FEDERAL GOVERNMENT RELATIONS
Treasury Department Seeks Comment on AI Use in Financial Services
The Treasury Department Thursday issued a request for information on the use of artificial intelligence in the financial services sector. Specifically, the department is seeking public input on the current use of AI by financial institutions and other actors in the sector. It is also seeking comment on the opportunities and risks presented by developments and applications of the technology.
The request was released the same day the Financial Stability Oversight Council and Brookings Institution kicked off a two-day conference on AI and financial stability. In opening remarks at the conference, Treasury Secretary Janet Yellen said federal regulators are not “seeking to reinvent the wheel” when addressing AI risks. “That said, there are also new issues to confront, and this is a rapidly evolving field,” she said. “We have our work cut out for us and are pursuing a variety of initiatives to identify and address emerging risks.”
Read the request for information
CFPB Establishes Application Process for Open Banking Standard-Setting Bodies
The Consumer Financial Protection Bureau Wednesday issued a partial final rule establishing the qualifications that organizations must meet to become recognized standard-setting bodies under the bureau’s proposed financial data-sharing regulation, which would implement Section 1033 of the Dodd-Frank Act. According to the bureau, standard-setting bodies must display openness, transparency, balanced decision making, consensus, and due process and appeals. Under the partial final rule, the public may have the opportunity to provide input on applications.
The CFPB is currently in the process of finalizing the remaining portions of its proposed rulemaking to address electronic access to financial data by consumers and their agents. As part of the upcoming implementation, the CFPB expects to allow companies to use technical standards developed by standard-setting organizations recognized by the bureau. “Today’s rule kicks off the process for standard-setting organizations to seek formal recognition,” the CFPB said.
The rule also includes a mechanism for the CFPB to revoke the recognition of standard setters and a maximum recognition duration of five years, after which recognized standard setters will have to apply for re-recognition, according to the bureau. It also contains a “step-by-step” guide on the process to receive CFPB recognition, including contingent recognition with feedback from the bureau on necessary changes. There are also provisions on how loss of recognized status will be treated.

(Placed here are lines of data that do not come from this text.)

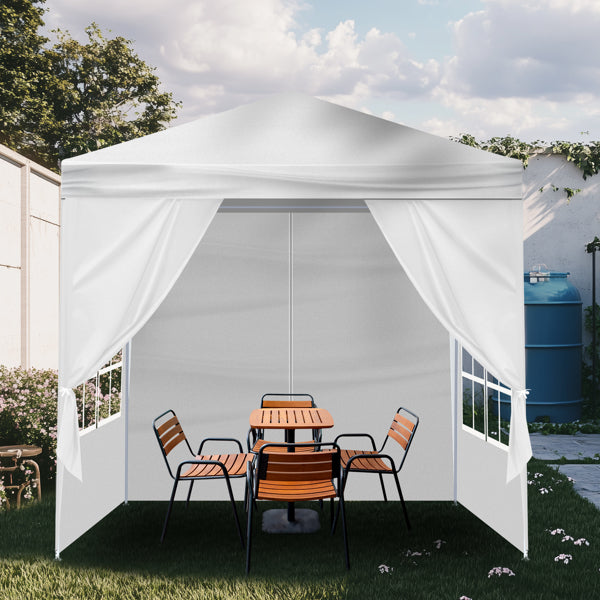 6.5'x6.5' Outdoor Party Tent, Waterproof Canopy with 4 Removable Sidewalls, 2 Doors & 2 Clear Windows, Portable Gazebo for Wedding, Backyard BBQ, White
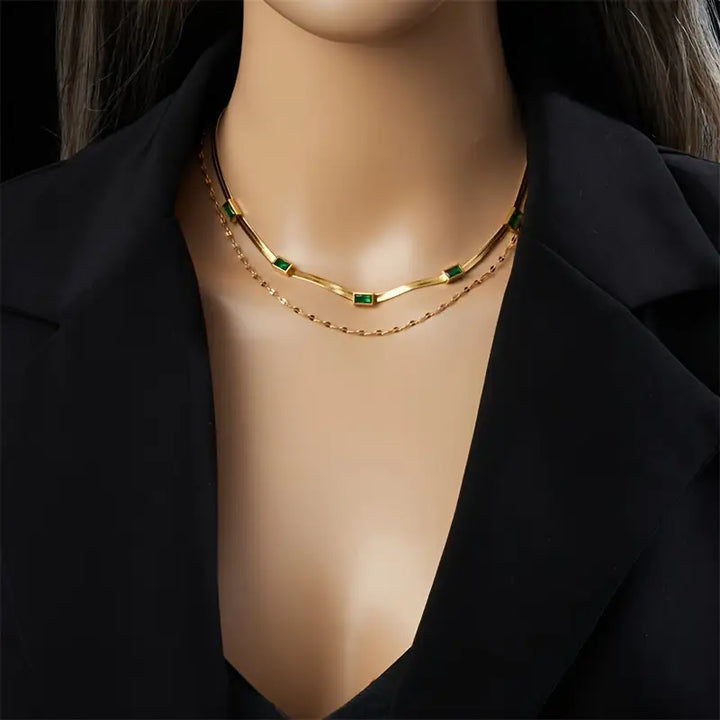 Retro-Doppel-Schicht Collier Sorella Gem | Gold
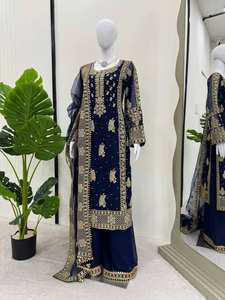 Designer Pakistani Georgette Salwar Suit with Embroidery Work, <b>Long</b> Pakistani Salwar Kameez Dupatta <b>Dress</b> for Wedding Function - Product Image 4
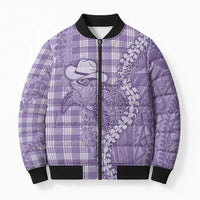 Purple Hawaii Palaka Cowboy Turtle Bomber Puffer Jacket Hawaiian Paniolo Puakenikeni Maile Lei DT05 Unisex Purple - Polynesian Pride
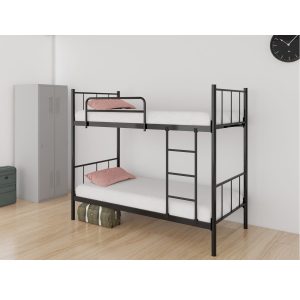 Våningssäng i svart metall budget 3 pack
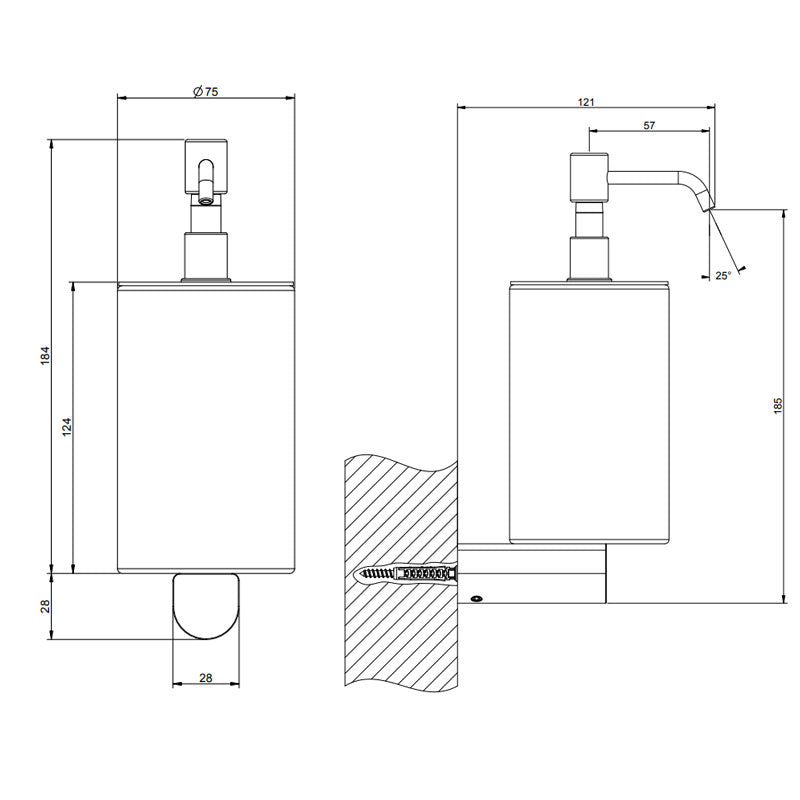 Rilievo Wall Mounted Soap Dispenser (White) - Chrome - Specifications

House Subcommittee Budgets $276 Million for CDFI Fund in Draft Appropriations Bill
The House Appropriations Subcommittee on Financial Services and General Government has budgeted $276.6 million for the Community Development Financial Institutions Fund in its draft fiscal year 2025 appropriations bill, according to the CDFI Coalition. The amount is roughly $48 million below the enacted level for the current fiscal year. Congress is currently drafting a budget for the upcoming fiscal year, with final amounts subject to change.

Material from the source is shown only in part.